Input material START

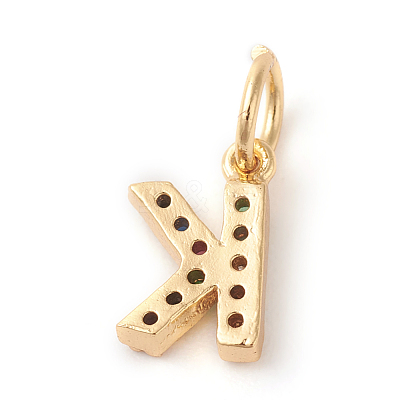 Brass Micro Pave Colorful Cubic Zirconia Charms ZIRC-F092-01-K-1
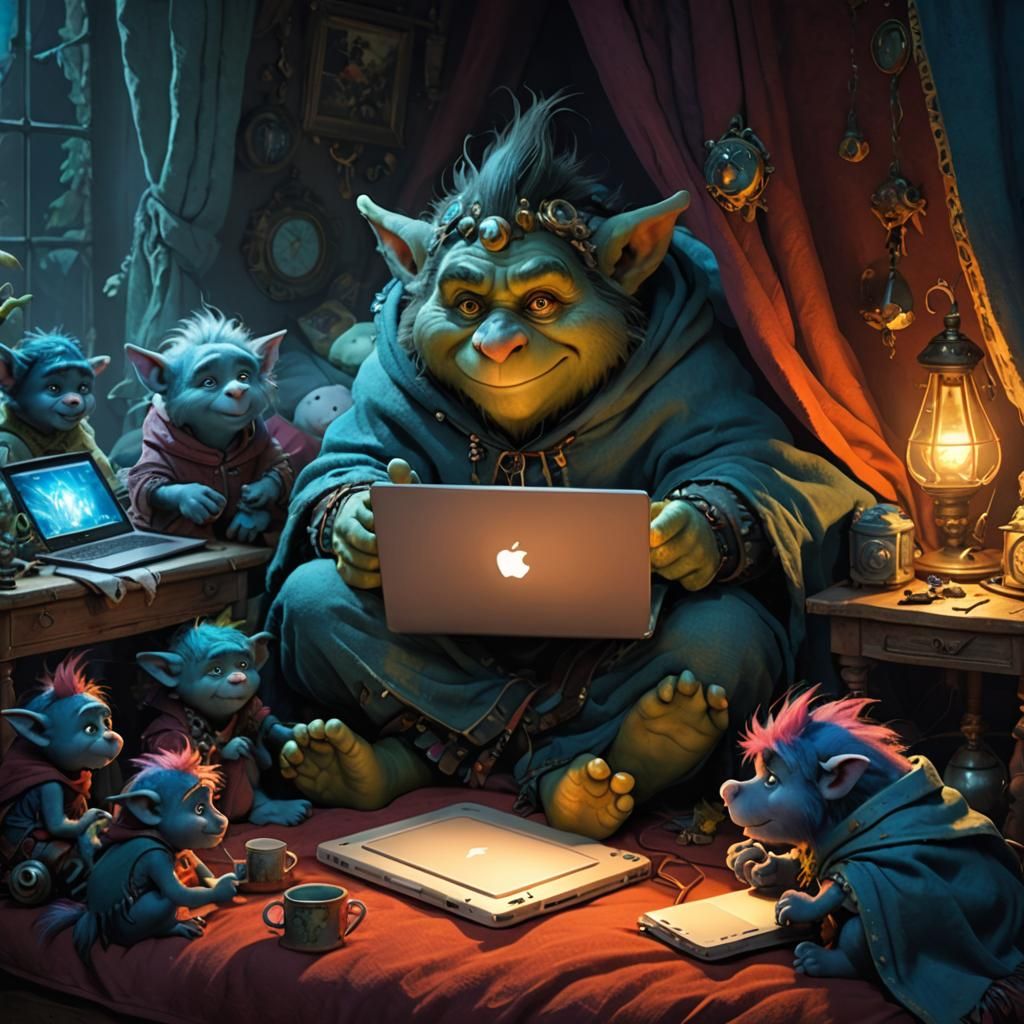 Cute Trolls Working on Laptops in Bed
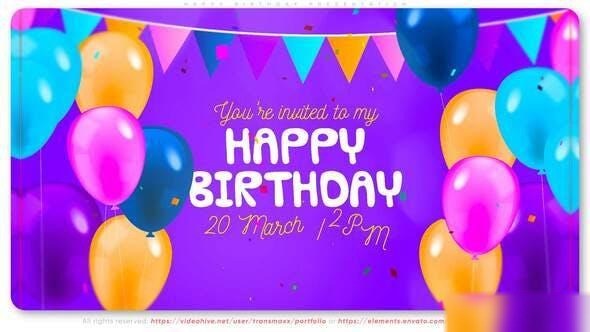 Videohive Happy Birthday Presentation Openers template preview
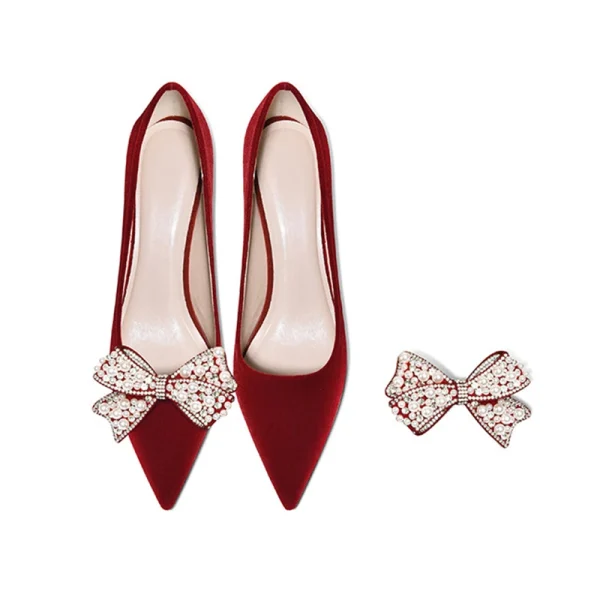 Luxury Atmosphere Wedding Party Ladies High-heeled Dress Shoes Summer Stiletto Red High-heeled Shoes - Image 4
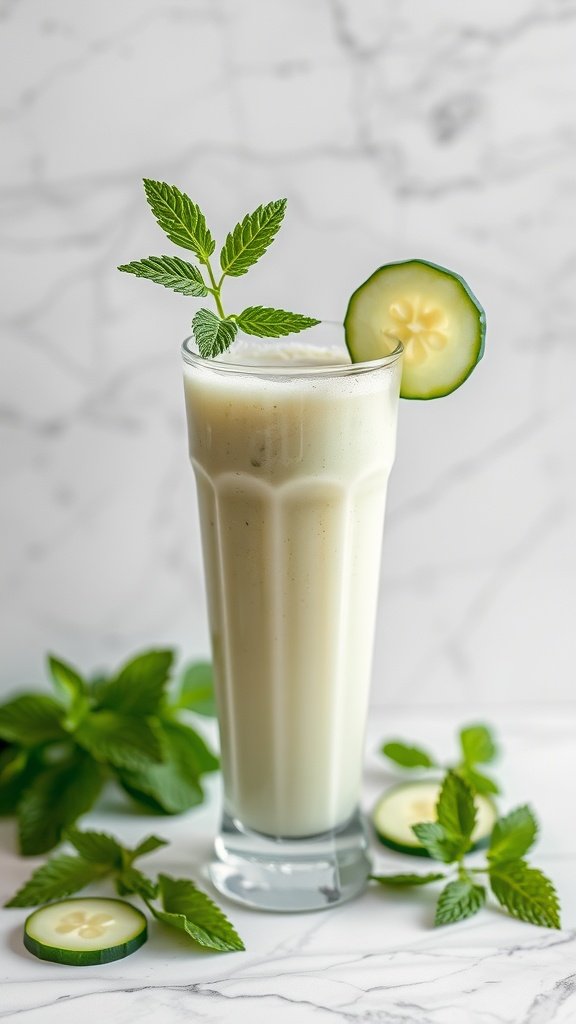 A refreshing cucumber mint smoothie served in a glass, garnished with mint leaves and cucumber slices.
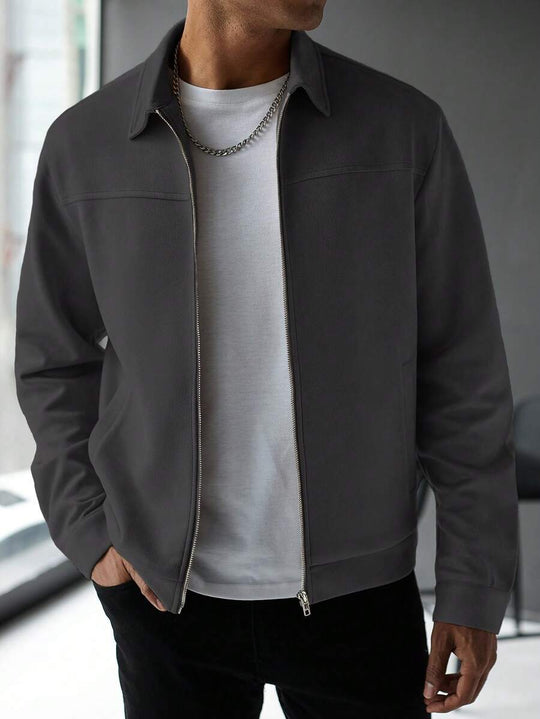 Schlichte Zip Jacke Herren Kragen Übergangsjacke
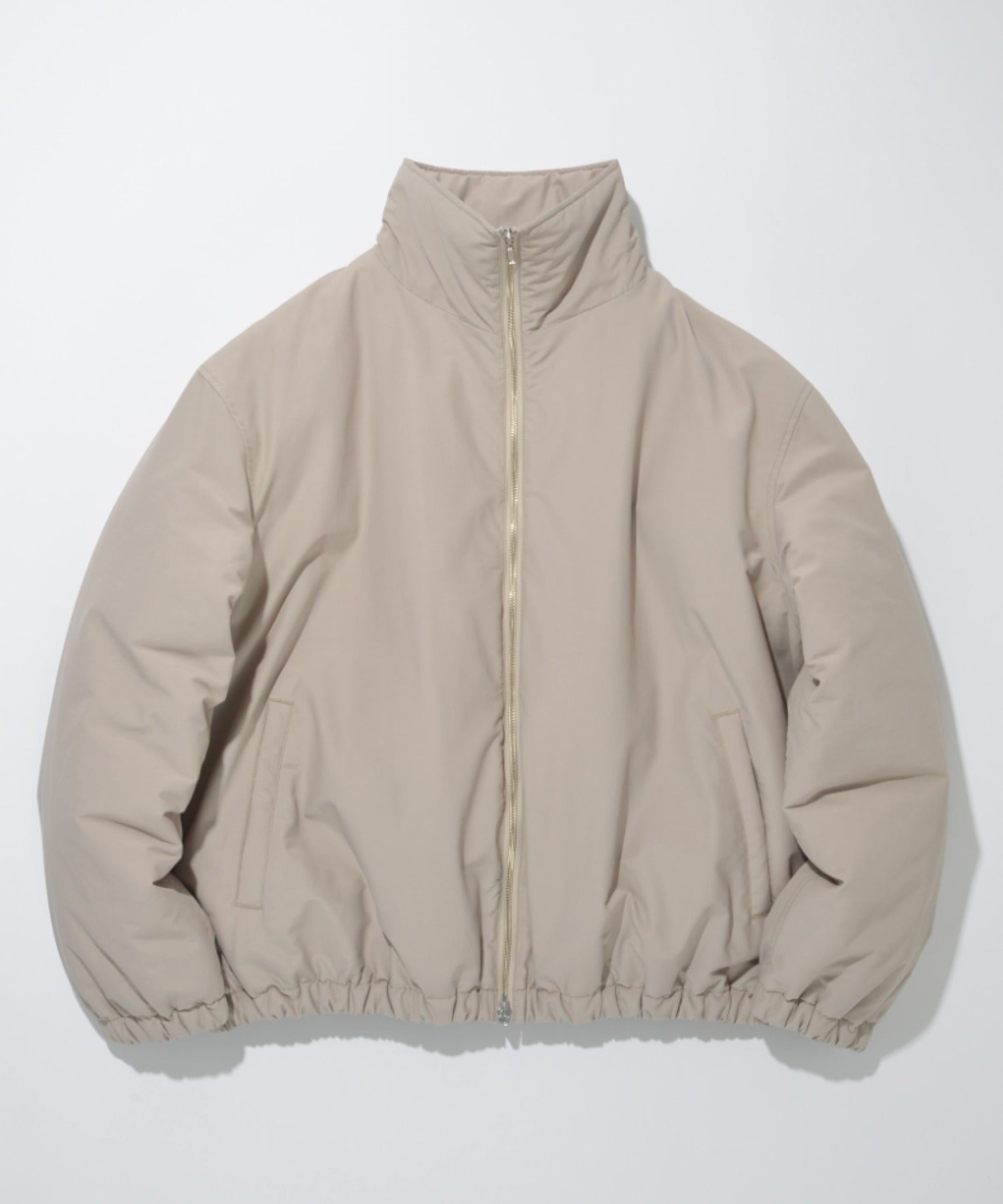 Zip-up Padded Short Jacket - greige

Input material END

Prompt: Set down word for word every line from the one containing "Videohive Happy Birthday" through the last line of the records above, both ends included. Leave out the pictures.

Response to this task:
 Videohive Happy Birthday Presentation Openers template preview
 Luxury Atmosphere Wedding Party Ladies High-heeled Dress Shoes Summer Stiletto Red High-heeled Shoes - Image 4
 A refreshing cucumber mint smoothie served in a glass, garnished with mint leaves and cucumber slices.
 Schlichte Zip Jacke Herren Kragen Übergangsjacke
 Zip-up Padded Short Jacket - greige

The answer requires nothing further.